I disagree wholeheartedly.

I love poetry. When I’m in the right mood, I love to curl up with my favorite poems and swim in the words. Reading poetry is such a visceral, emotional experience. Certain opera arias have the same effect and can bring me to tears.

The last time I took the train I noticed that poems had been posted on the walls. I loved it, and read the poem on the wall above me over and over.

What a great way to get to work, reading a poem instead of an advertisement. I loved that someone had the idea to post the poems, something that seems so frivolous, yet beautiful.

Children understand the need to create something beautiful. There were always certain kids in my classes who couldn’t stop themselves from constantly doodling, sketching, writing, folding, and making. It wasn’t boredom. Boredom is spitballs, talking, falling asleep, and knocking your book on the floor on purpose.

This was making and doing just because you can’t help yourself.

I understand those kids because I used to be just like them, only I usually saved it for the privacy of my bedroom where no one could see me. I generally like to keep my creative projects to myself, maybe because showing them to the world is showing a little too much of yourself.

Nothing exposes you more than poetry. I used to write a lot more, but rarely showed my work to anyone. Even if it’s unclear who or what the poem is about, you can’t hide the emotion, and showing others your deepest feelings in a poem is like standing naked in a snowstorm.
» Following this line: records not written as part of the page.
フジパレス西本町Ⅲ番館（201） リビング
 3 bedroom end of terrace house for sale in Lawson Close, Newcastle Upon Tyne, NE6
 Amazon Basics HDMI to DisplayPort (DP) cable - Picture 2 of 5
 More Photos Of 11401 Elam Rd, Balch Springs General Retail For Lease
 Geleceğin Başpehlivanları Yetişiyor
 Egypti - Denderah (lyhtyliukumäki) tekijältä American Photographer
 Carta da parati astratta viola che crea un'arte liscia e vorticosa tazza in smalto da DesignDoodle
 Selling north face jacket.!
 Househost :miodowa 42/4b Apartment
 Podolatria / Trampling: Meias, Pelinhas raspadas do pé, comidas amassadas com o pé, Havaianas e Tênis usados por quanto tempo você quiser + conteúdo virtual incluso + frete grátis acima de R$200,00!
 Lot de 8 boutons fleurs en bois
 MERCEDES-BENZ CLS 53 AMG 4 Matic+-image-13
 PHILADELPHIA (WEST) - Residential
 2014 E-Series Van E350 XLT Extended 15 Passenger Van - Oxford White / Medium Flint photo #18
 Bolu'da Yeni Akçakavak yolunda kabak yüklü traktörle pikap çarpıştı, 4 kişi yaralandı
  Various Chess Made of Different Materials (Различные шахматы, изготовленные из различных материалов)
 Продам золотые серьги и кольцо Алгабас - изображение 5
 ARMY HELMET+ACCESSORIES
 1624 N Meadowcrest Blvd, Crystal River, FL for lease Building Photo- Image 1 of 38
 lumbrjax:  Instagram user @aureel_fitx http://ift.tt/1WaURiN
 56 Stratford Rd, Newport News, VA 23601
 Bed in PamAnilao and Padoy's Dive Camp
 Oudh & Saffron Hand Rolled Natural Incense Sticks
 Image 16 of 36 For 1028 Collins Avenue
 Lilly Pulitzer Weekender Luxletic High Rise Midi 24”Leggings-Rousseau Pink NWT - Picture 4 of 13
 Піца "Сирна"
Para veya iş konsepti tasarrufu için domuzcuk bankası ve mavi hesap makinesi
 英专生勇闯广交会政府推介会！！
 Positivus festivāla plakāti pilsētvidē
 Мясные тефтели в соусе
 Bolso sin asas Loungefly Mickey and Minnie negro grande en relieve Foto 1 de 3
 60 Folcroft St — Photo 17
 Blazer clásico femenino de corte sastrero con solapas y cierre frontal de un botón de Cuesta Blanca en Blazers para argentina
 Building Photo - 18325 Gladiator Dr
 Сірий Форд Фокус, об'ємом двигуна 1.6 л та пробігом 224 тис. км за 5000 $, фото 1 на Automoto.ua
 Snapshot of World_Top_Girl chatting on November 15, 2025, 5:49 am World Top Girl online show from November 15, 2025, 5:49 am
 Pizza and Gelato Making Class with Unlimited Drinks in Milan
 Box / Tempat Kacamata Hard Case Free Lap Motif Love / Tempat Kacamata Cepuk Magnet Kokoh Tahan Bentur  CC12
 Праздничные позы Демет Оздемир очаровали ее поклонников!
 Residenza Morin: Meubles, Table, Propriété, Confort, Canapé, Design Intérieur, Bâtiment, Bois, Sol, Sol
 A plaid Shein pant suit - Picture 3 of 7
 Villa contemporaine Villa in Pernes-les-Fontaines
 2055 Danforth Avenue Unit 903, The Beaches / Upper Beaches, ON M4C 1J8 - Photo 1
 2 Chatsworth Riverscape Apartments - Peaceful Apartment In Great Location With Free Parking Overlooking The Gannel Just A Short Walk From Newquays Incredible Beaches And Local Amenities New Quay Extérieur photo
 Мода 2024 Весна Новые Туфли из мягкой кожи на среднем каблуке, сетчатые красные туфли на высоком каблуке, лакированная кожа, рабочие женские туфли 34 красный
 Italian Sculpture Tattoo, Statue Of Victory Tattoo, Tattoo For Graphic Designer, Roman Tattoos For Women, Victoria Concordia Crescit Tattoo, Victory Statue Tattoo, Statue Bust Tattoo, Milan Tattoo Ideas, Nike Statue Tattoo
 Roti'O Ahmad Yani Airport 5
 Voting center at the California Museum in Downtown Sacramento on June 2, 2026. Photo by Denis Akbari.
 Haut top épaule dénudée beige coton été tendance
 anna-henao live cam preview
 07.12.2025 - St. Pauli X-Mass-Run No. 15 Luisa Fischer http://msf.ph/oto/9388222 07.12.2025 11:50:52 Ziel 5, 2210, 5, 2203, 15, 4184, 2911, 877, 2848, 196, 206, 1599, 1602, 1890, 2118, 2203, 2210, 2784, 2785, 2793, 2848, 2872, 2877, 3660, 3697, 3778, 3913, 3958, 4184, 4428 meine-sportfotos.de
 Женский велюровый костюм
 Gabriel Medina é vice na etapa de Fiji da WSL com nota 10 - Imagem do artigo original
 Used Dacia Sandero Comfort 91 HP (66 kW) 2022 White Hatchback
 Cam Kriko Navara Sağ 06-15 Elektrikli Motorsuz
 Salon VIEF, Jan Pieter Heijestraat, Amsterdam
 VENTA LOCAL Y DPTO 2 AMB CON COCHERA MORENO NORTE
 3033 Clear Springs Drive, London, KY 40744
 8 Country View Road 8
Knitting something is a little less gut wrenching and transparent. For some reason, I feel almost guilty when I take time to knit during the day. I feel the same way about reading a book. Maybe it comes from all those years of teaching and feeling like I had to stay “busy” every second of the day, but knitting doesn’t feel like real work.

And perhaps that’s the whole point of creating beauty, that it shouldn’t feel like work, that there shouldn’t be any point to it, other than bringing something beautiful to life.

The World Stopped for the Buffalo – a poem

We climbed to the top and the world stopped

The day the buffalo crossed the Yellowstone River.

We watched in wonder

And our lives made sense,

Knowing the animals didn’t need us.

We stood at the center of the caldera

While everything swirled around us.

We were dizzy from the beauty of it all.

The tree spread its arms to shelter us from the storm

And we ran breathless down the mountain,

Down the road, to the double rainbow in West Texas.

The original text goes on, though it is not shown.